Linear and Logistic Regression
Two algorithms underpin more production machine learning systems than anything else: linear regression and logistic regression. Despite their age — both were formalized in statistics long before the term 'machine learning' existed — they remain indispensable. They are fast, interpretable, and frequently good enough. More importantly, understanding them precisely gives you the conceptual foundation for nearly every more complex model that follows.

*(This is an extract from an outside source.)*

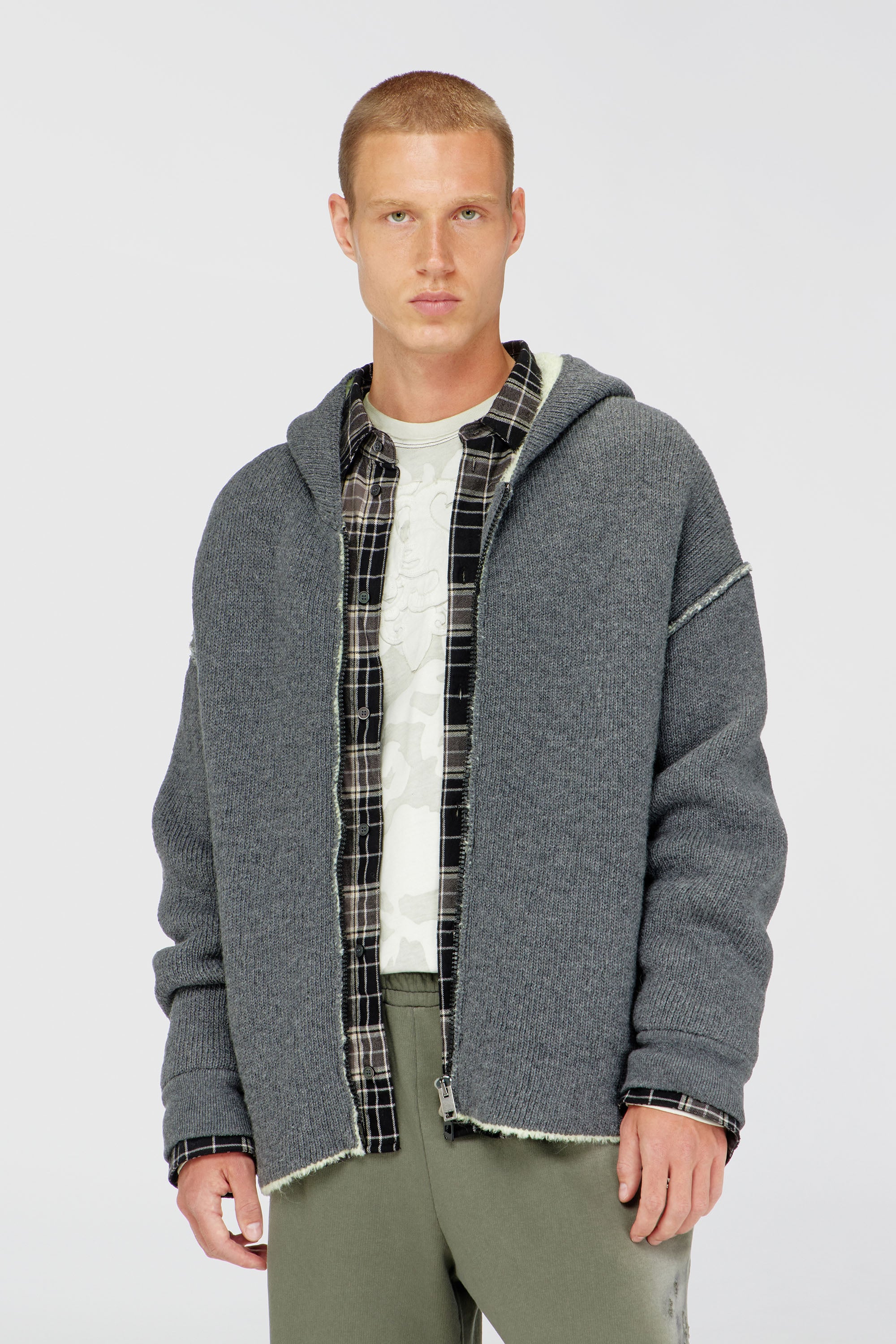 Diesel - K-BOUBBY, Hoodie con zip in maglia a doppia texture Uomo in Grigio - 1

Linear Regression: Fitting a Line to Data
Linear regression assumes the relationship between the input features and the target is — approximately — a weighted sum. The prediction function is: ŷ = w₀ + w₁x₁ + w₂x₂ + ... + wₙxₙ where x₁ through xₙ are the input features, w₁ through wₙ are the learned weights (also called coefficients), and w₀ is the bias term (also called the intercept). Together the weights define which direction and how steeply the predicted value changes as each feature changes. A concrete example: predict house sale price from two features — square footage (x₁) and number of bedrooms (x₂). After training on historical sales, the model might learn: ŷ = 50,000 + 120 × x₁ + 8,000 × x₂ Interpretation: the base price is $50,000. Each additional square foot adds $120. Each additional bedroom adds $8,000. For a 1,500 sq ft, 3-bedroom house: ŷ = 50,000 + 120(1500) + 8,000(3) = 50,000 + 180,000 + 24,000 = $254,000 Training finds the weights that minimize the Mean Squared Error over the training set: MSE = (1/N) Σ (ŷᵢ - yᵢ)² For linear regression, this minimization has a closed-form solution (the normal equations), but in practice, especially with many features, gradient descent is used — iteratively updating weights in the direction that reduces the MSE.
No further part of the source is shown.